Workout #2 Chest/Calves/Bis	
flat bench	3x8-10
Dips	             3x8-10
Incline bench	2x8-10
Machine calf raise	4x8-10
Barbell curls	3x8-10
Hammer curls	2x8-10

Workout #3 Hams/Shoulders	
Stiff deadlifts	3x8-10
leg curls	             2x8-10
Seated DB press	3x8-10
Upright row	2x8-10
Lateral raises	1x8-10

Workout #4 Back/Tris	
Chins	            3x8-10
Deadlifts	            3x8-10
DB row	            2x8-10
CG bench	            3x8-10
Skull crushers	2x8-10

My advice to Sean though is don't bother with this for 4-6 weeks or so, stick to the more basic routine.


----------



## BaNaNaS (Nov 18, 2004)

Thanks karl, i'm going to do the current 3 day split. Then in two weeks switch to this. Or would it be best just to do this right away?


----------



## KarlW (Nov 18, 2004)

> Originally Posted by *BaNaNaS*
> 
> Oh did you want us to decrease weight on each set? Or increase? ex 25 - 30 - 35, or 35 - 30 - 25.



It's about staying in the rep range, and getting failure (or almost) in that rep range. So the weight may go up OR down depending on how you go in each set.

Rule 1. Warm up adequately: this is almost like pyramiding up the weight except that you DO NOT go near failure. 

Rule 2. 1st working set dependent on what you did last time (or a good guess if it's your first)

Rule 3. Subsequent sets dependent on previous set.

eg Say you're doing deadlifts. Last week you did 200 x 9, 200 x 7, 200 x 5

ie you didn't adjust the weights so you dropped out of the rep range (8-10) on the 2nd and 3rd set. So this week you'd have your warm up sets - maybe 45 x 10, 95 x 8, 135 x 5, 175 x 3. Then your 1st working set would be 200 and say you get 10 so you go for 200 again and you get 7, now you know you have to peel off some weight (maybe down to 175) and you get 8. Next week you can start 1st working set on maybe 205 or 210.


----------



## KarlW (Nov 18, 2004)

> Originally Posted by *BaNaNaS*
> 
> _Thanks karl, i'm going to do the current 3 day split. Then in two weeks switch to this. Or would it be best just to do this right away?_



I'd stay on the first one (maybe for 3-4 weeks) then rest 3-4 days before going onto the 2nd one.


----------



## BaNaNaS (Nov 18, 2004)

Sounds good!


----------



## CowPimp (Nov 19, 2004)

KarlW said:
			
		

> Upright rows, if done correctly DO take some getting use to AND are not supposed to be done with massive amounts of weight. What you say is good, means you're taking it nice and slow. When you achieve the upper limit of the rep range for a set (like 10 in the case of 3 x 8-10) before failure then you need to increase the weight. By how much? only you will know through experience.

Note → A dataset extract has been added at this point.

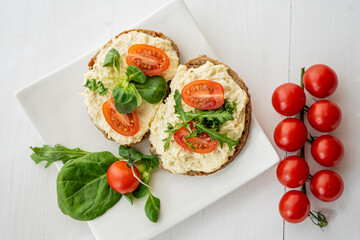 egg cheese ham dip, spread on open finger food sandwich with salad, tomato vegetables  - 418894889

I like to take my upright rows pretty heavy and do them fairly rhythmically.  To each his own.


----------



## Randy (Nov 19, 2004)

KarlW said:
			
		

> Yeah, I started my post before I read yours and took a phone call in the middle of it. LOL


That's ok, it happens


----------



## KarlW (Nov 19, 2004)

Cowpimp what do you mean by rythmically? Do you mean quick?


----------



## Mudge (Nov 19, 2004)

That can be quick or slow or in the middle, it means with a pattern that is continual and unchanging.

I do higher reps for shrugs, 12-15 reps, once in awhile I might hit 20.


----------



## Randy (Nov 19, 2004)

He means with Rhythm 

I do the same thing with my shrugs.  I rotate in a smooth rotation at a specific rhythm.


----------



## Randy (Nov 19, 2004)

Mudge said:
			
		

> That can be quick or slow or in the middle, it means with a pattern that is continual and unchanging.
> 
> I do higher reps for shrugs, 12-15 reps, once in awhile I might hit 20.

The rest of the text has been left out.